Who wouldn’t want to get out? In fact, I never moved to New York, but starting in 1975 I’ve made one or two trips per year and today I know it so well that I think of Manhattan as my second home. Instead of going to college in New York, I enrolled at Humboldt State in far-northern California, then moved to the San Francisco Bay Area where I still live.
I used to mock West Covina and take a dim view of people who never moved away like I did. I’ve shed most of that snobbery and realize now that my bias was largely a function of ego — a way to congratulate myself for being cooler than the Southland plebeians. I don’t think you can neatly divide communities and regions into Hip or Not Hip any longer. We all occupy the same Information Highway, with identical access to facts and opinions, politics and culture. Also, people can surprise you; you can’t reduce anyone to their zip code.

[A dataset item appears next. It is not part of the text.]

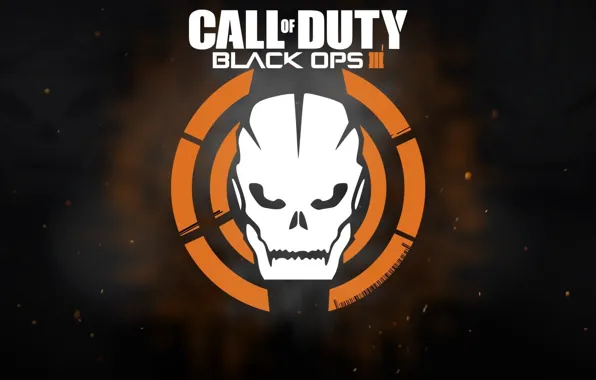Картинка games, hi-tech, Black Ops, computer games, games for xbox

West Covina has changed enormously since I left in 1968. It’s racially diverse, with Latinos and Hispanics constituting 53 percent of the population, Asians 25 percent, and has a correspondingly greater variety of restaurants and cultural factors.There are homeless people, the horrible smog of the 1960s and ’70s is greatly reduced thanks to auto-emission standards, and a light-rail train now connects residents to downtown Los Angeles. When I make a rare visit, or when I watch My Crazy Ex-Girlfriend, the TV sitcom that made West Covina famous nationwide, I recognize almost nothing. My West Covina is a vapor, a dream; it exists only inside me.

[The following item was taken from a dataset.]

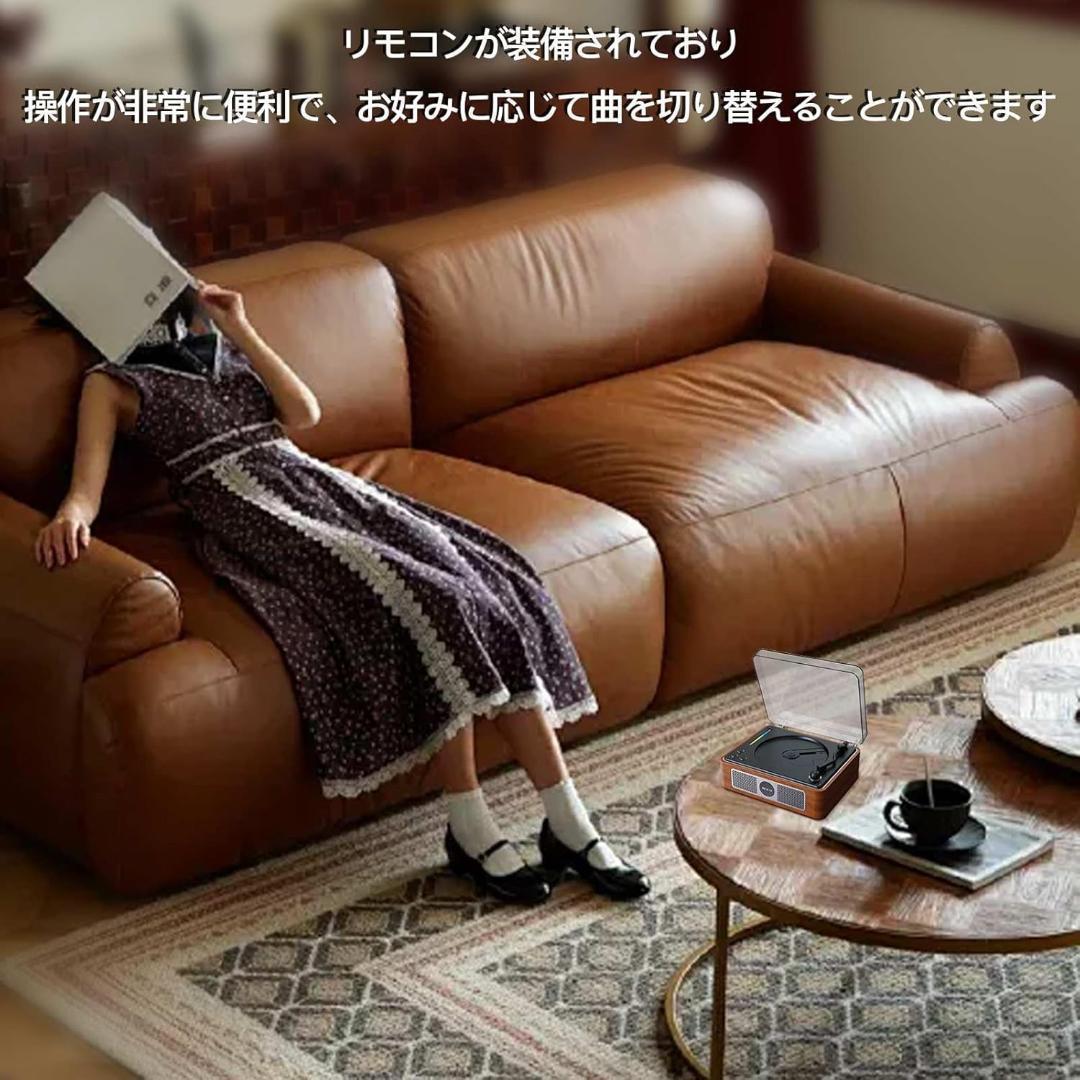 M3091-110-81】CDプレーヤー Bluetooth受信/送信 - メルカリ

Parts of this story appeared in slightly different form in Wild Seed, a memoir I wrote about my late brother Dan.
“…with sunshine so bright the colors bleach and flatten like an overexposed photograph.” Whew…wish I’d written that! I think the Rose Bowl is what prompted a lot of mid westerners to move to Southern California — my husband comes to mind. Wonder why your dad chose West Covina. Recently saw one of the Helms trucks (sans Helmsman) at the Andersen Automotive Museum…no surprise, it was much smaller than I remembered it being, but the wafting aroma from those pastry-filled drawers gliding out on ball bearings is something I hope I never forget. Glad you took control of your destiny, made it up to the Bay area and even made NYC your second home. Thanks for another wonderful story, Edward! And I thoroughly enjoyed your book, by the way.
Thanks a lot!
Love your musical title, of course, very clever! I was singing it in my head while I was reading the story. Thank you for posting, I knew as I was reading Wild Seed that your descriptive passages were perfect for this prompt. And the new material you added is great too
I remember seeing The World of Henry Orient around the same time you did, but it obviously didn’t have the same effect on me since I was already romping through Central Park and going to concerts at Carnegie Hall. I never took Manhattan for granted though, I knew it was someplace special. Glad you have gotten to know it so well as an adult.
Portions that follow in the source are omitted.